*** Records for processing ***
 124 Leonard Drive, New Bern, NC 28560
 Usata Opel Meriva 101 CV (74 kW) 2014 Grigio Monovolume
*** End of Records for processing ***
*** Records for processing ***
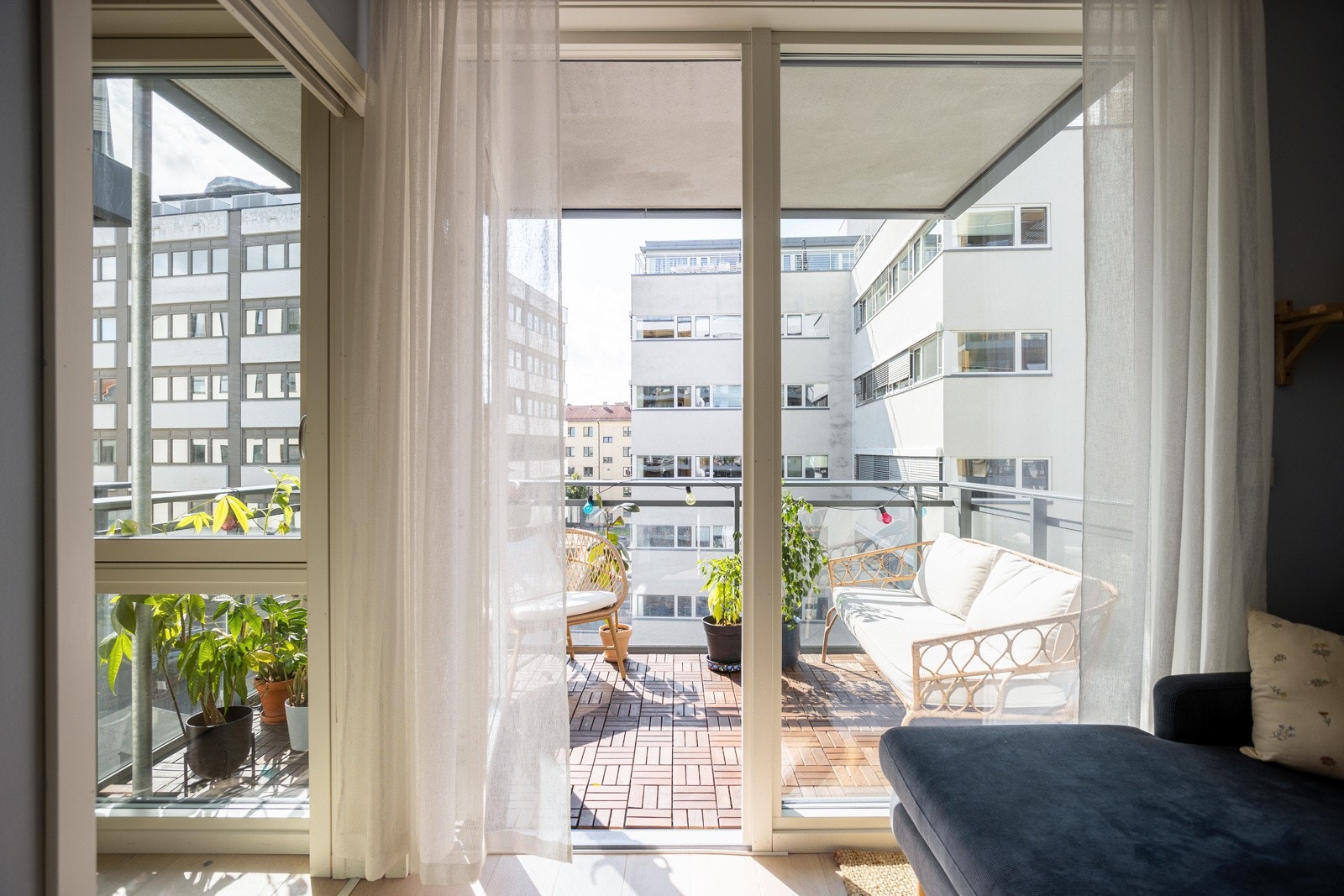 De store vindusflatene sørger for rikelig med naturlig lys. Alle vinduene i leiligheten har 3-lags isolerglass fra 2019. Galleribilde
*** End of Records for processing ***
Task brief
In the listing above, find the line with "124 Leonard Drive, New Bern, NC 28560" and the line with "Usata Opel Meriva"; output exactly those lines and all lines between them.

Your response
 124 Leonard Drive, New Bern, NC 28560
 Usata Opel Meriva 101 CV (74 kW) 2014 Grigio Monovolume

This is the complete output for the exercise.